§ Exercise: Which lines below fall between the one containing "AVANZA LA OBRA" and the one containing "17 Washington Avenue"? Repeat them exactly, counting both of those lines, and add nothing else.

§ Exercise data:
------------------------------------------------------------------------

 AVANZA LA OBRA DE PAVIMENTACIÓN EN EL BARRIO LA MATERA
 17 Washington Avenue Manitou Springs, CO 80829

------------------------------------------------------------------------

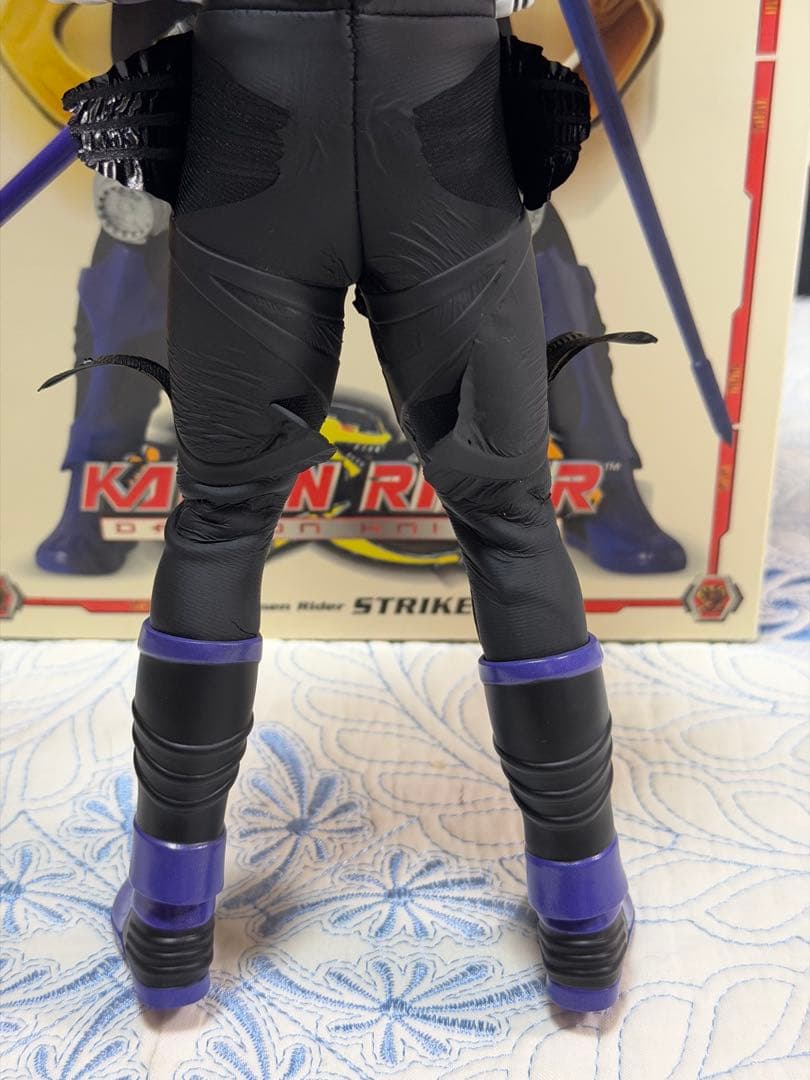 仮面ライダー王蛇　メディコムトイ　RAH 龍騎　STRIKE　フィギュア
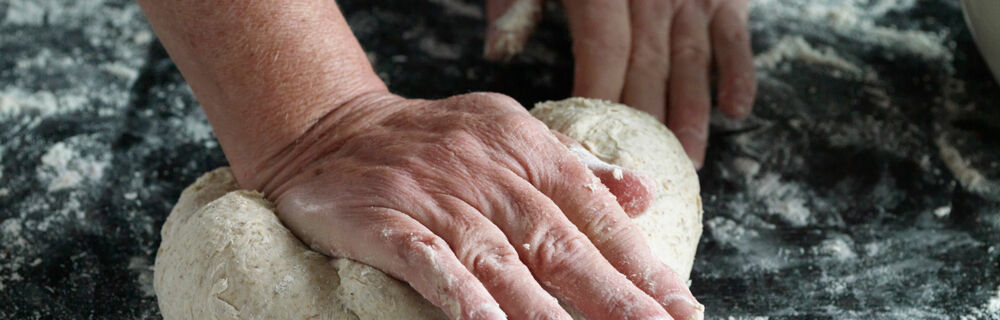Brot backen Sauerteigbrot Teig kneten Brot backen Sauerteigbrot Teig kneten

------------------------------------------------------------------------

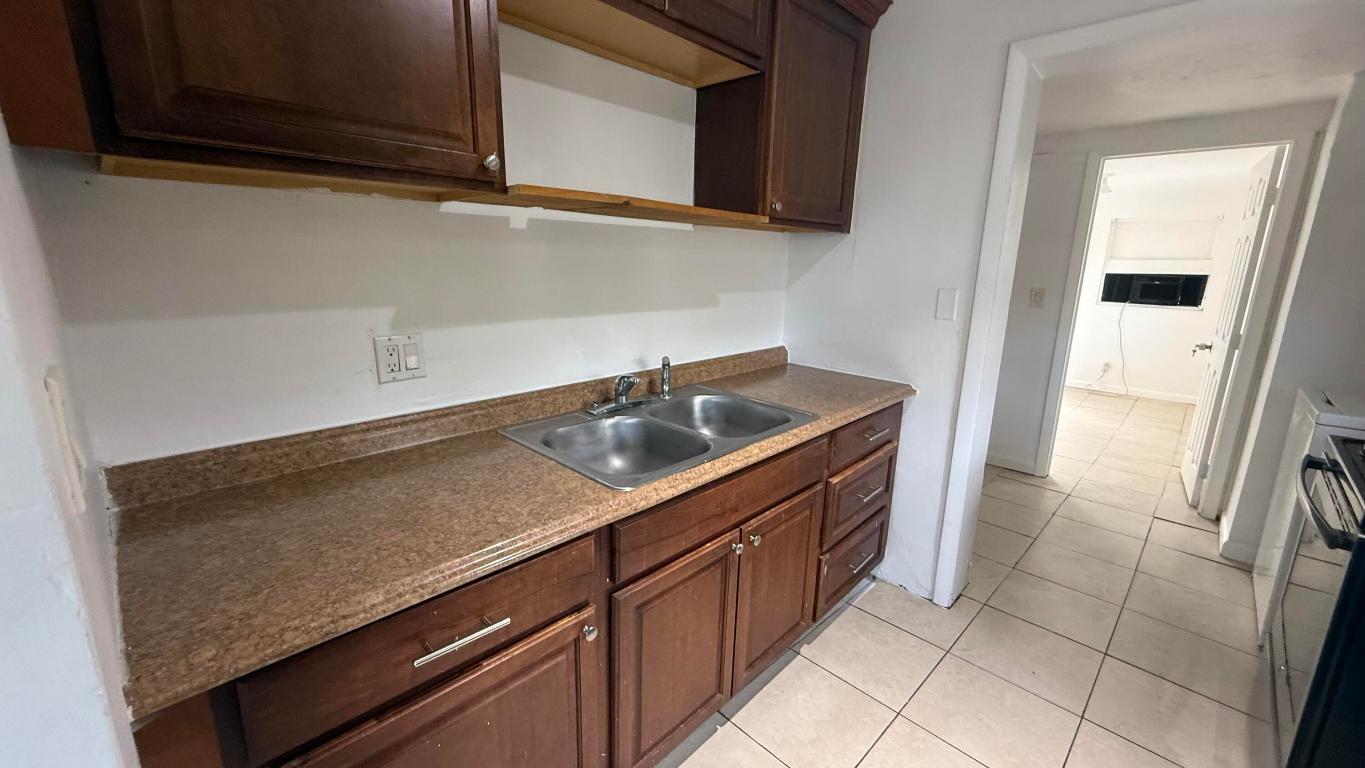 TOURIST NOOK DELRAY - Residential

------------------------------------------------------------------------

§ Response below:
 AVANZA LA OBRA DE PAVIMENTACIÓN EN EL BARRIO LA MATERA
 17 Washington Avenue Manitou Springs, CO 80829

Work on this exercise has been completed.